Desse modo, o problema do mal ganha nova envergadura. Apesar da articulação entre mal moral e mal natural não ser de todo nova, a laicização ou naturalização dessa articulação - que abandona os dogmas cristãos do pecado original, substituindo-os pela natureza, a sociedade e a história, ainda que mantenha a sua estrutura - confere novos rumos ao debate acerca do mal. Culpar o homem, da forma que o faz Rousseau, abre as portas para uma nova compreensão do problema, permitindo que se veja certos eventos de uma outra perspectiva, segundo a qual a associação entre os homens e os conflitos daí provenientes, assim como todas as escolhas feitas dentro dessa associação, passem a ser o objeto da investigação.

 

 

Referências Bibliográficas

 

ROUSSEAU, J-J. Carta sobre a Providência. In: Escritos sobre Religião e Moral. Clássicos da Filosofia: Cadernos de Tradução. n.º 2. Unicamp. Campinas, 2002

 

VOLTAIRE, Oeuvres Complètes. Ed. de la Pléiade. Gallimard. Paris, 1961.

 

DESTAIN, C. Jean-Jacques Rousseau : l’au-delà du politique. De la solitude des origines humaines à la solitude autobiographique. Ousia. Bruxelles, 2004.

 

 

Notas

 

(1) Este é um expediente comum às batalhas filosóficas de Voltaire: opor seus inimigos de modo que, atacando-se mutuamente,  encontrem-se ambos enfraquecidos quando do ataque do filósofo.
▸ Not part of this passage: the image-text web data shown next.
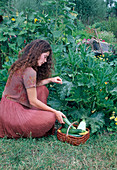Woman harvesting different kinds of courgettes (Cucurbita pepo)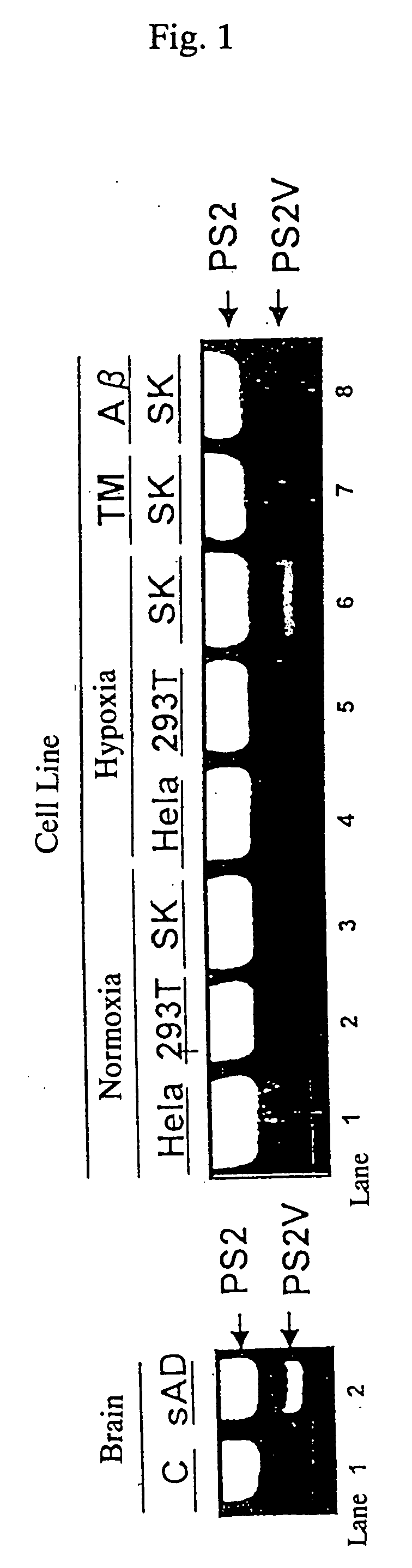 Medicinal compositions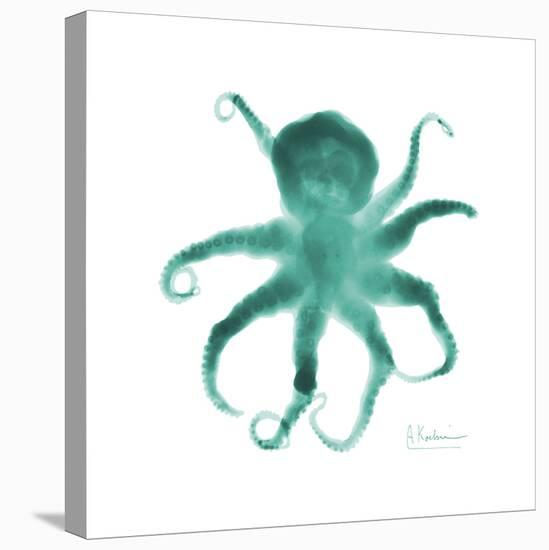 Teal Octopus-Albert Koetsier-Stretched Canvas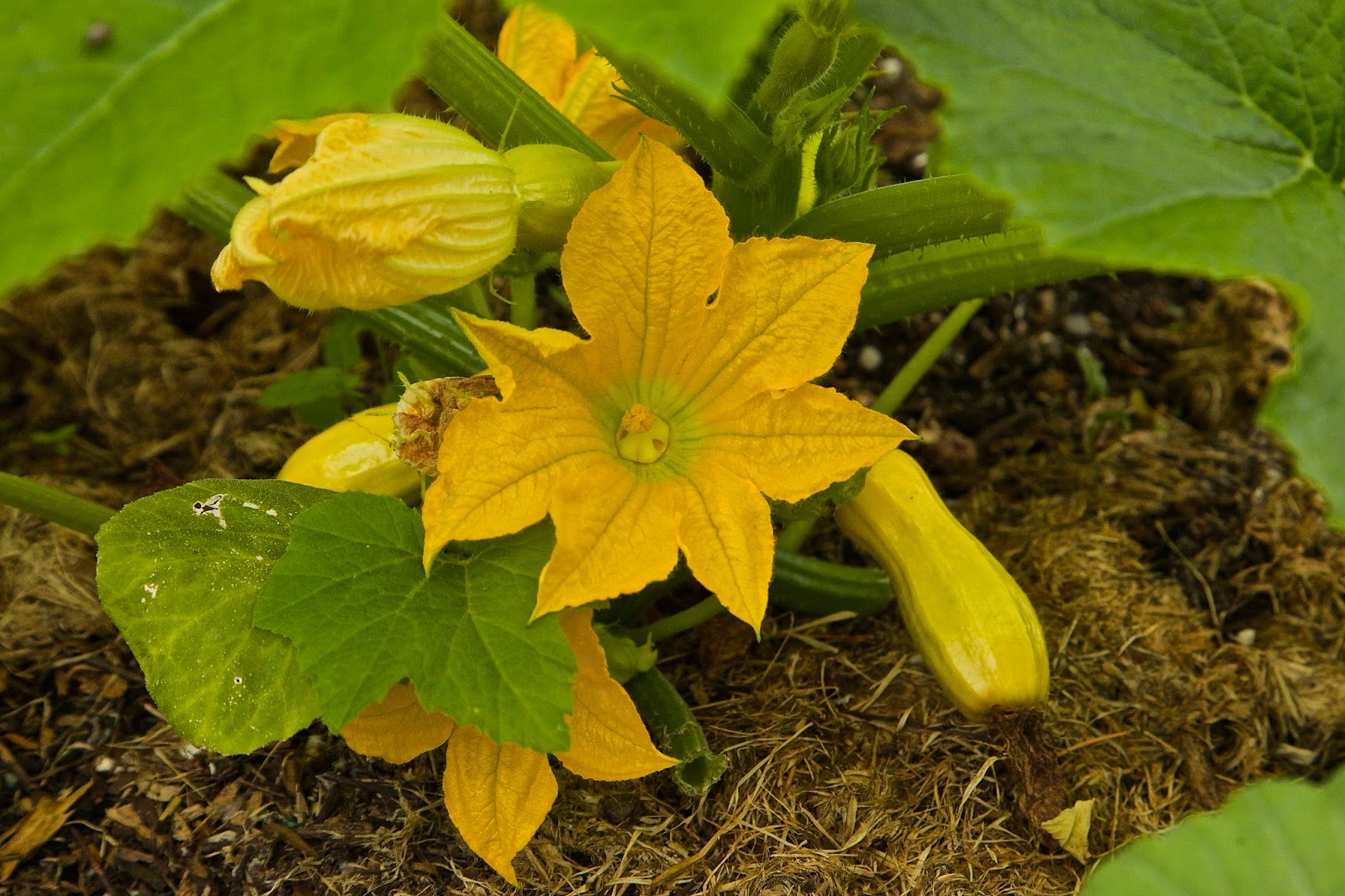 Shoreline Area News Twin Ponds Giving Garden second in region for giving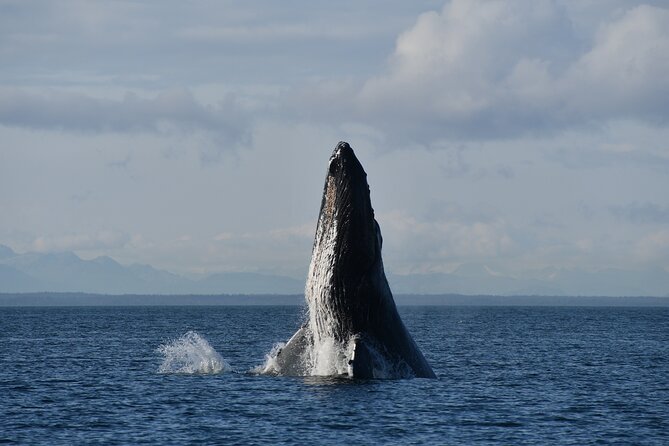 Alaska Whale Watching with bonus Drone viewing of Whales - Wildlife watch targets: what you should watch for on the water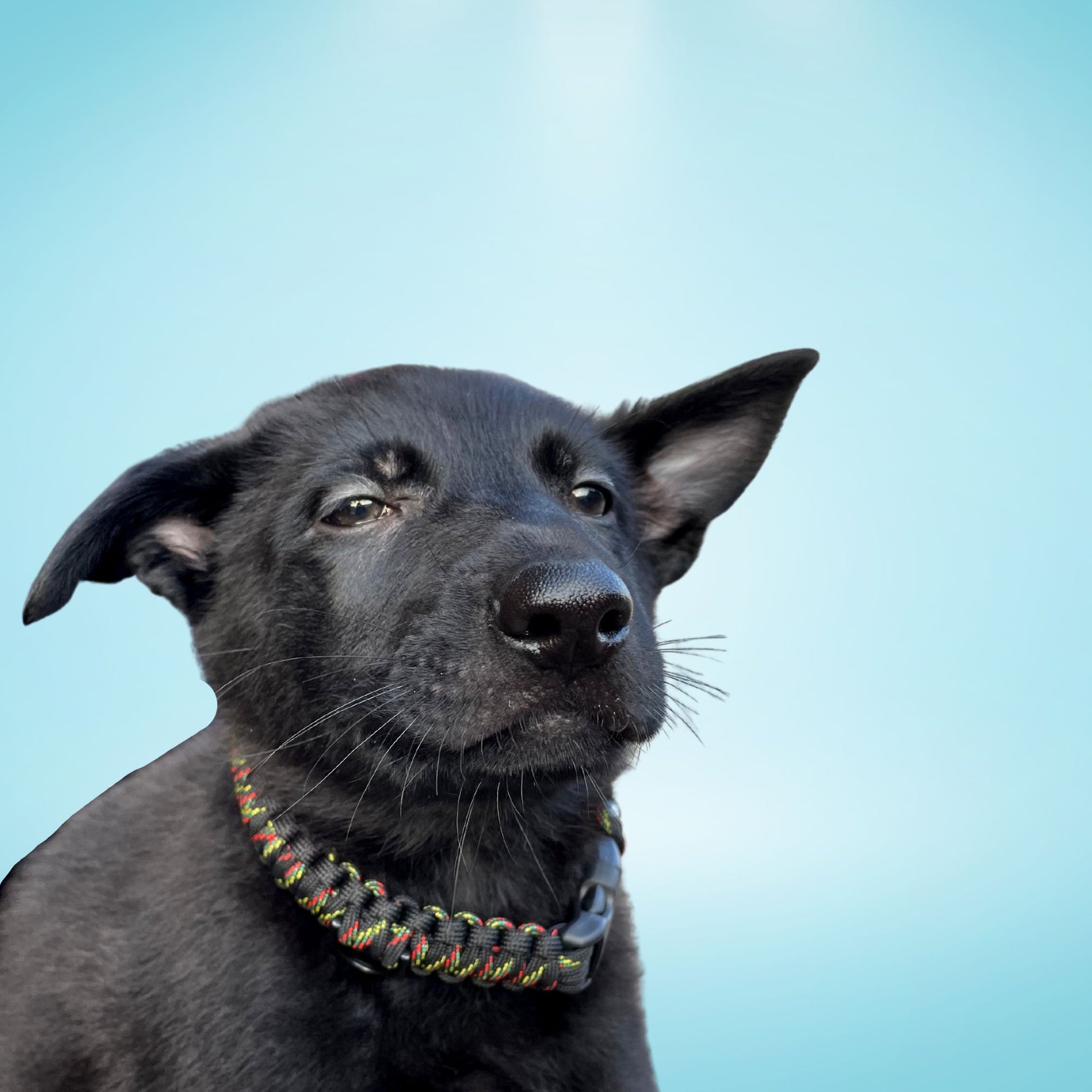 Cute puppy wearing Strong Small dog paracord collar in black with rasta stitching non adjustable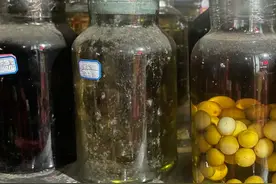 灵芝泡酒绝了！三料黄金配比，老中医偷偷用图片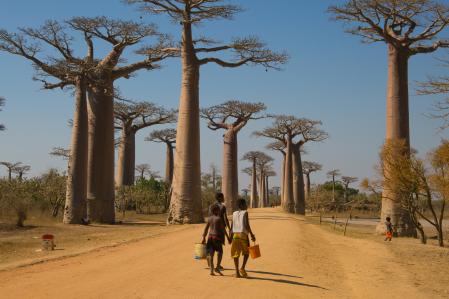 La avenida de los Baobabs está declarada monumento nacional
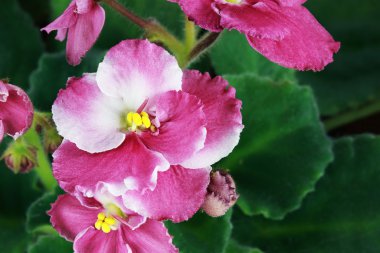 African Violet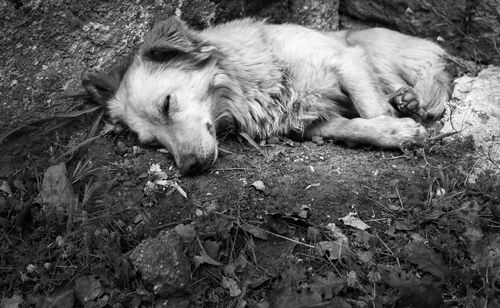 Close-up of dog lying on grass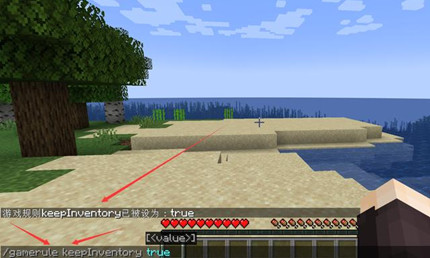 �ҵ���������������ָ����ʲô2026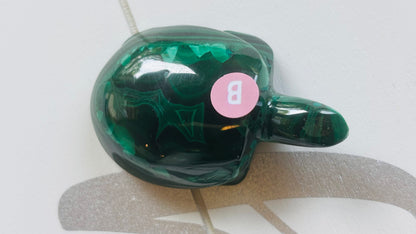 Malachite Turtles
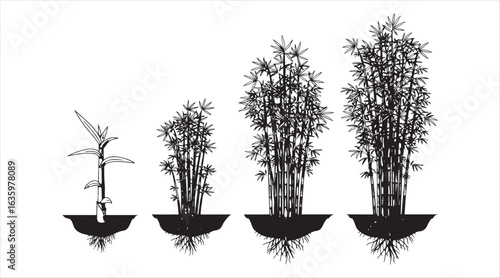 Stages of bamboo bush growth.

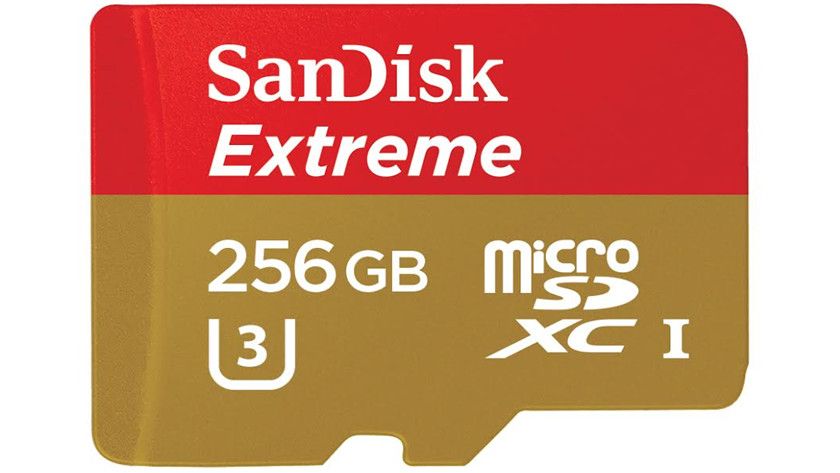 microSD 256 GB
(2) É justamente a disposição invencível da alma, enquanto prova de sentimento, algo que não pode ser transformado em demonstração, que exige a tolerância. A tolerância, a separação entre estado e religião e o estabelecimento de máximas sociais constituem os principais artigos da profissão de fé de Rousseau, é o resultado de uma perspectiva que apóia toda sua argumentação numa prova de sentimento, num convencimento que prescinde da demonstração.